Quel que soit le compositeur abordé, une impression d'émission artificiellement couverte et tubée ne se dissipe jamais complètement, pas plus à la scène qu'au disque. Placée trop en arrière dans les résonateurs, la voix ne se libère pas, cantonnée dans une gamme de couleurs uniformément sombre, qui l'étouffe sur le plan expressif. Heureusement, de vraies compensations existent: l'articulation est magnifique, la relance de la phrase est impressionnante de musculature et, sur le vif la forte présence physique de l'acteur achève d'emporter l'adhésion.

En revanche, confrontée àl'exercice du récital de studio, cette valeur sûre révèle ses limites, donnant partout l'impression qu'il faut d'abord s'habituer à sa vocalité particulière pour mieux l'apprécier ensuite.
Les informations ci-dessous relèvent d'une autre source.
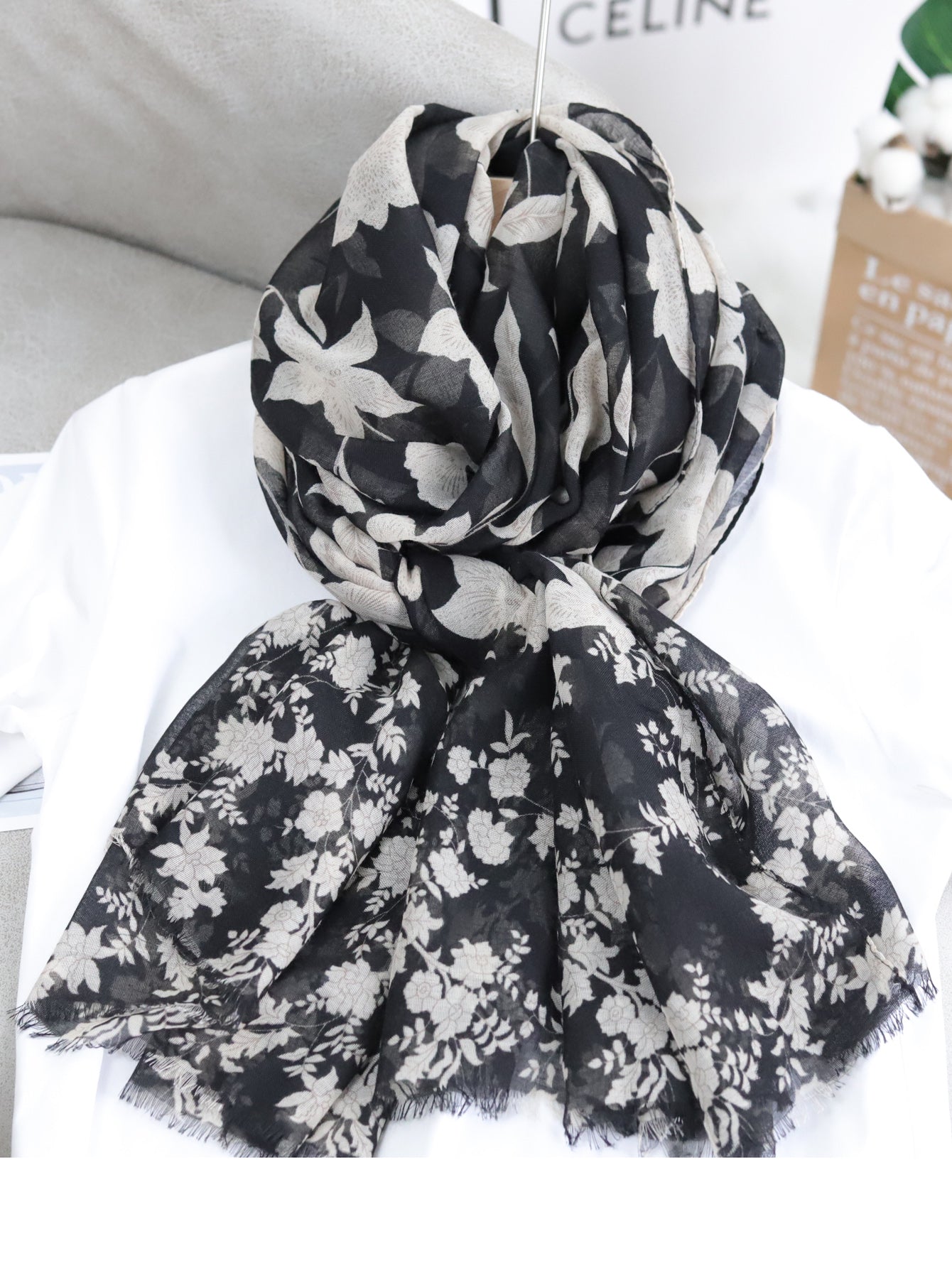 Floral print scarf Sai Feel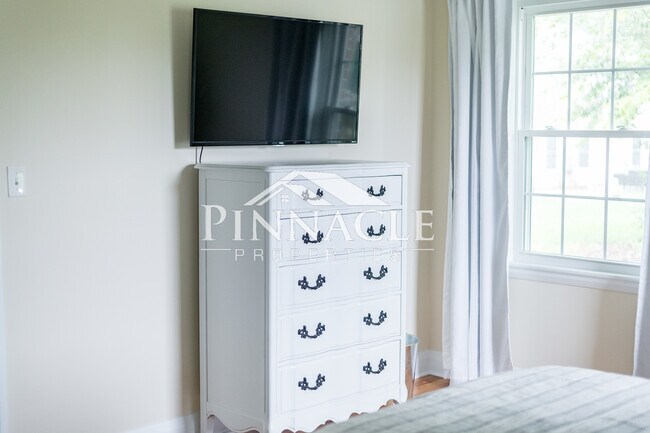 Bedroom 3 - 126 Tomahawk Industrial Park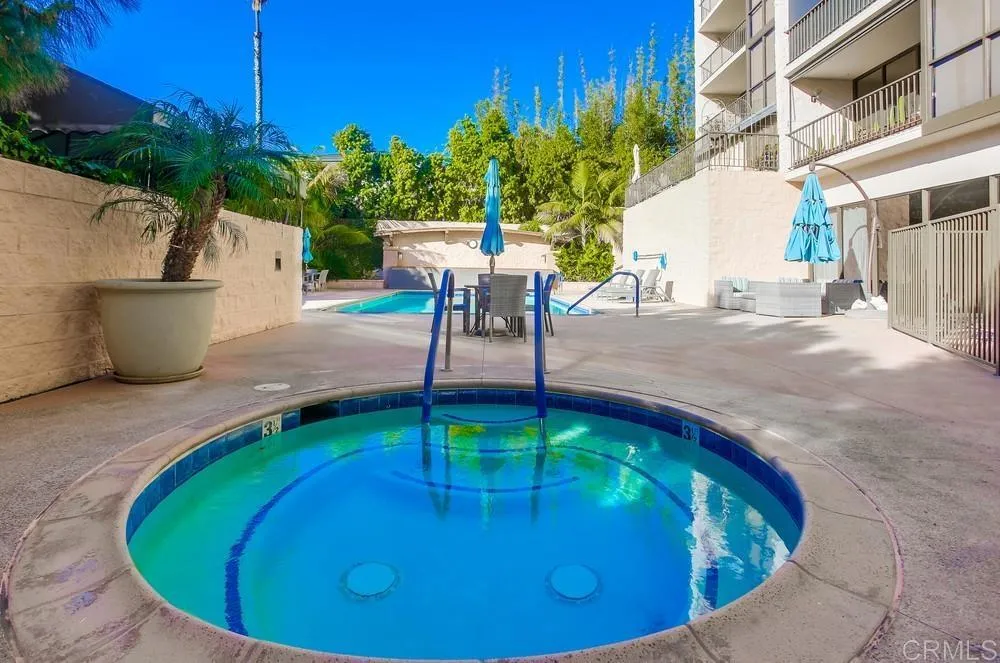 https://cdn.realtyfeed.com/cdn/127/305042835/fde8f844d4f5e0b14c68f9d153aad9b6.webp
Cette réduction à un dénominateur commun fonctionne aujourd'hui pour tous les répertoires abordés, sa prévisibilité imparable finissant par s'avérer un peu frustrante.

L'aspect le plus probant de ce récital, au programme entièrement germanique, est sans doute le Jonas Kaufmann à venir: le ténor wagnérien en train d'ouvrir ses ailes, interprétant avec beaucoup d'allure un fragment du rôle de Siegmund, qu'il devrait pouvoir assurer régulièrement dans les prochaines années, si l'intendance des moyens techniques suit Parsifal est également extrêmement convaincant. Pour Lohengrïn, en revanche, on reste en deçà de ce que l'on a pu entendre à Munïch sur scène, cet été : le chanteur paraît encore appliqué et prudent, avec des aigus qui manquent de rayonnement.

L' air de Florestan est passionnant, les particularismes vocaux fonctionnant cette fois à trés bon escient mais la partie Schubert semble davantage suggérée, pour donner une touche d'originalité à ce récital, que nécessaire. Quant à Tamino,Jonas Kaufmann est désormais doté de moyens trop larges pour s'y montrer crédible. Superbe accompagnement de Claudio Abbado et du Mahler Chamber Orchestra, y compris dans les Wagner les plus lourds, dûment allégés.

Un récital qui confirme un vrai talent, mais qui n'est pas le jalon discographique essentiel espéré.